A stars with abnormal abundancies of Si, Lanthanoids, Cr, Sr
The great spectroscopist W. Morgan, in 1935 wrote in his treatise on peculiar A stars: "There is probably a greater diversity in appearance among the spectra of class A than in any other type". Infact about 25% of A stars show peculiarities. Anomalous abundances expecially concerns silicon, Lanthanoids (Europium, Holmium, Dysprosium) and also Cromium and Strontium.
In 1946, using the 100 inches telescope of Mount Wilson, Horace Babcock first measured the magnetic field that is common to all these stars and found values ranging from some thousand Gauss (Earth magnetic field is 0.3-0.6 Gauss) to the record of 34'000 Gauss for silicon star HD215441.
This strong magnetic field is not present only in a class of peculiar hot A and B stars that show strong Hg and Mn lines. All the magnetic peculiar A stars are very slow rotators because of the magnetic braking effect and thus show very narrow spectral lines.

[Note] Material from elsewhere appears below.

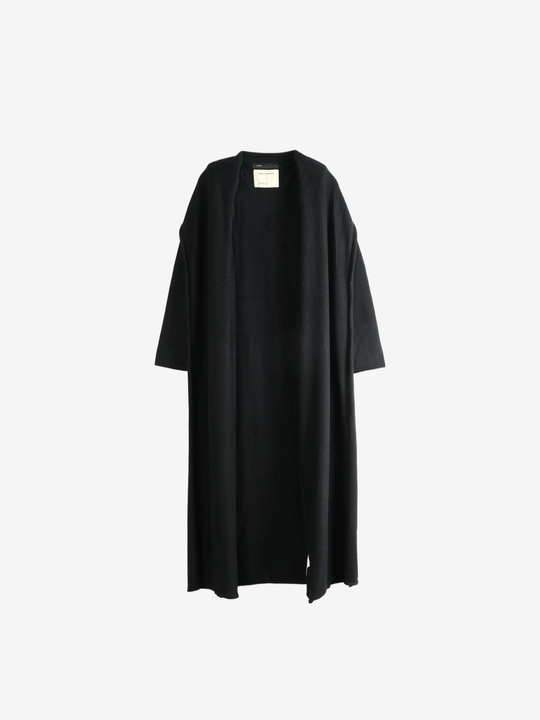 Black jacket, front view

The strenght of spectral lines is often periodic and sincronous with variation of the magnetic field. One of the stars where this variation is more evident is 73 Draconis. Also the brightness undergoes small periodic variations. The first periodic Ap star discovered has been Cor Caroli in 1914, that shows a 0.05 variation in a 3 days period.

Picture 1: Spectrum of Ap(Si) star q Aur , with 0.6 Å/pixel dispersion and 5 min exposure (Cassegrain F/15 diam 60 cm) recorded on 4th April 2005. Strong ionized silicon lines are labeled blue.

Abundancies of anomalous elements is associated with ionisation temperature of the star. Silicon stars belong to late B or A0 class, Lantanids and Cr rich stars are a bit colder and even colder are Sr stars that arrive to the F0 class.
The theory that better explains the behaviour of these stars is the oblique rotator. This means that a fixed magnetic field rotates with the stars but misaligned with the rotation axis. Disomogenities of the chemical distribution on the surface are associated with the emerging regions of the magnetic field and thus rotate with the same period of the star. But many questions are still debated. Which is the origin of the magnetic field? Why these strange elements are associated with the field?
Some bright Ap stars are: q Aur (Si), a Cnv (EuSiCr), e Uma (CrEuMn), n Aur (HoDy), b Crb (SrEuCr), 73 Draconis (righe Cr-Eu variabili con periodo di 20.7 giorni).